Liquid investment definition
/What is a Liquid Investment?
A liquid investment is any investment that can be easily converted into cash without having a significant impact on its value. In addition, it must be a simple matter to transfer ownership in the asset to another party. The sum total of these investments can be aggregated and compared to a company’s short-term liabilities to see if there are sufficient liquid investments on hand to pay off the liabilities, which is a key indicator of corporate liquidity.
Examples of Liquid Investments
Here are several types of liquid investments:
Cash. This is the ultimate fungible asset, since it is a perfect store of value.
Money market funds. These funds can be converted into cash within one day, and have no risk of loss.
Shares that trade on an active exchange. These shares can be converted into cash within a short period of time, though there is a risk of loss in value, depending on changes in the market price.
In all cases, it is easy to transfer these assets to a third party, and there is a ready market for them.

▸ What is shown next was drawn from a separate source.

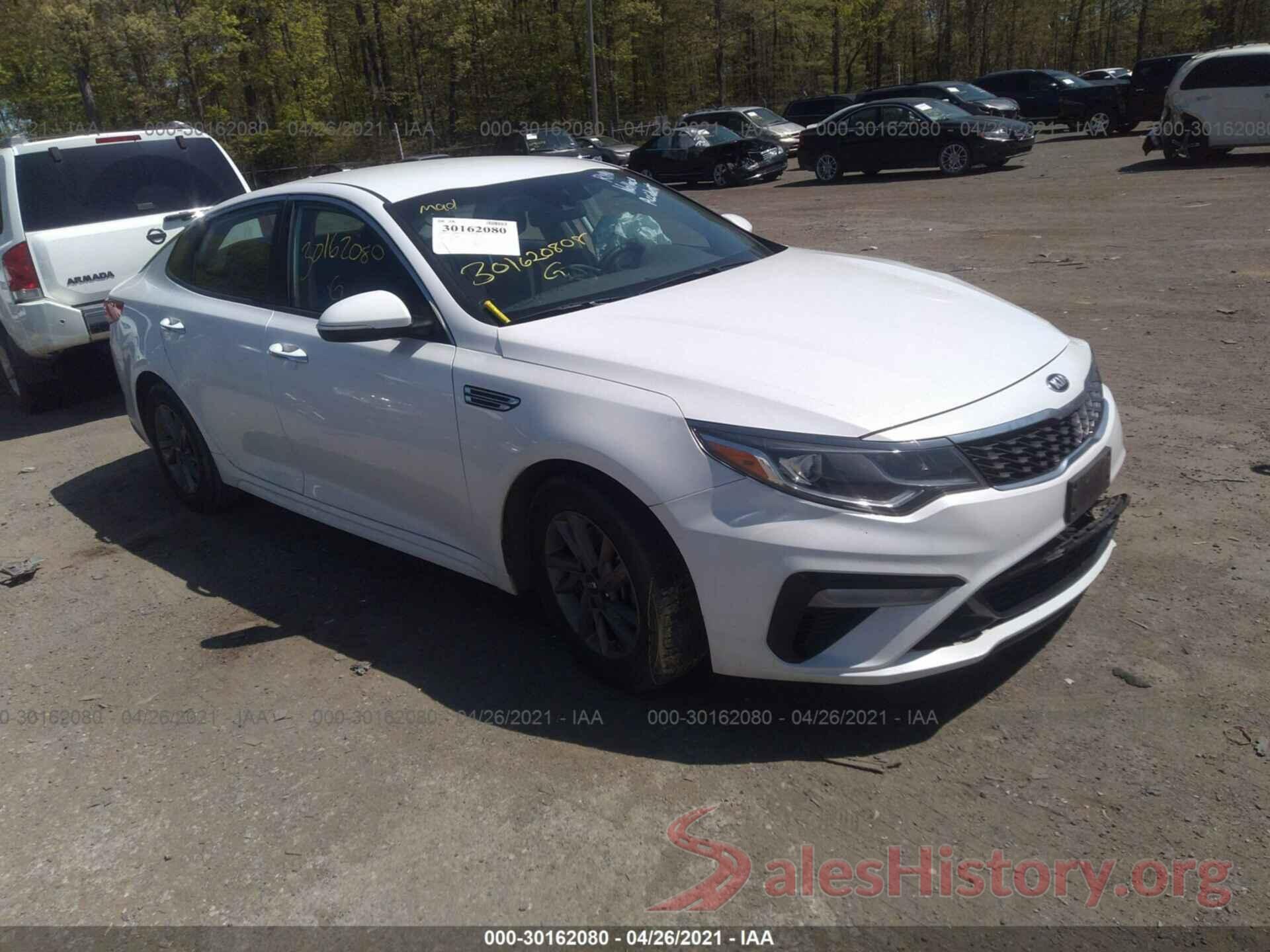 5XXGT4L3XLG398632 2020 KIA OPTIMA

Examples of Illiquid Investments
Investments are not considered to be liquid when it takes a significant amount of time to convert them into cash, or if the act of selling them reduces their value. For example, real estate can take a long time to sell, and so is not classified as a liquid investment. Or, the shares of a company that are thinly traded cannot be sold in bulk without causing a significant downward shift in their price, and so are also not considered to be liquid.